(TASK INSTRUCTIONS) Within the data below, copy each line where the string "Rose" is found.
******************************
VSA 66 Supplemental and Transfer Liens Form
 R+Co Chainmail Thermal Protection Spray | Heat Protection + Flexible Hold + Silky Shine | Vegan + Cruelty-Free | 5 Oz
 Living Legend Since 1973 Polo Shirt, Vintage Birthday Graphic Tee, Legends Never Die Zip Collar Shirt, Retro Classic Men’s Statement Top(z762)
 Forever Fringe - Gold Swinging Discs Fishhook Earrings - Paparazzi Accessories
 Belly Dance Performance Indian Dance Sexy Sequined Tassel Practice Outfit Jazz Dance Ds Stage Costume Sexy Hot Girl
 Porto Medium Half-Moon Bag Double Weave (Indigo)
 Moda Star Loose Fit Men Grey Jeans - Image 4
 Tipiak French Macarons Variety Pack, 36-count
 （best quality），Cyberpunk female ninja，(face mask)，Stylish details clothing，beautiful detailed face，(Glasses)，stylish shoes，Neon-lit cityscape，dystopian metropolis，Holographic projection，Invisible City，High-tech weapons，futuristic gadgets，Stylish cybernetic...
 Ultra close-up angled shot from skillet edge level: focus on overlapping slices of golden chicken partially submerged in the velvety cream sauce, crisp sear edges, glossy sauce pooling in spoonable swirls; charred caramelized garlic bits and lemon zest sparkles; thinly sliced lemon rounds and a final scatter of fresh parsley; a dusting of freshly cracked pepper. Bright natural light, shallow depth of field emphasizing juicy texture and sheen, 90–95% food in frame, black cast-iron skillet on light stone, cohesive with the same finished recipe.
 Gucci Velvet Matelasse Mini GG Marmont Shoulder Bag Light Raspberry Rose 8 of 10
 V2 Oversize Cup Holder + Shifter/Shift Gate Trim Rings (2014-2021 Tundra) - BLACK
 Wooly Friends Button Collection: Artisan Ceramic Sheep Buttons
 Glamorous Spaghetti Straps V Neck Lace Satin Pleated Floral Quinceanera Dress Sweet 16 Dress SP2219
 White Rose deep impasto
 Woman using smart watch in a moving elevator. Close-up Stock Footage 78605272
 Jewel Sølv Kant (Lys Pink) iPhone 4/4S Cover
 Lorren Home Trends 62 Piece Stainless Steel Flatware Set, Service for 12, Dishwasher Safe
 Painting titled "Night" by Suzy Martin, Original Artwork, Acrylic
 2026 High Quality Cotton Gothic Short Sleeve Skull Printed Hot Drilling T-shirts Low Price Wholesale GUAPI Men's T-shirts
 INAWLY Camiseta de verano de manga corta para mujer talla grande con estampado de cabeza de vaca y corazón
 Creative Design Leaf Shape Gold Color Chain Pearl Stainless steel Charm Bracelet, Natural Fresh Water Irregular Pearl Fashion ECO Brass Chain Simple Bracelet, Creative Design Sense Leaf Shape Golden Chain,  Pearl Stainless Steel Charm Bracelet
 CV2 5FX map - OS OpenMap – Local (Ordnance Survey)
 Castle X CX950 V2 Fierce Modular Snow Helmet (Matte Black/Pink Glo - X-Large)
******************************
(RESULT OF THIS TASK)
 Gucci Velvet Matelasse Mini GG Marmont Shoulder Bag Light Raspberry Rose 8 of 10
 White Rose deep impasto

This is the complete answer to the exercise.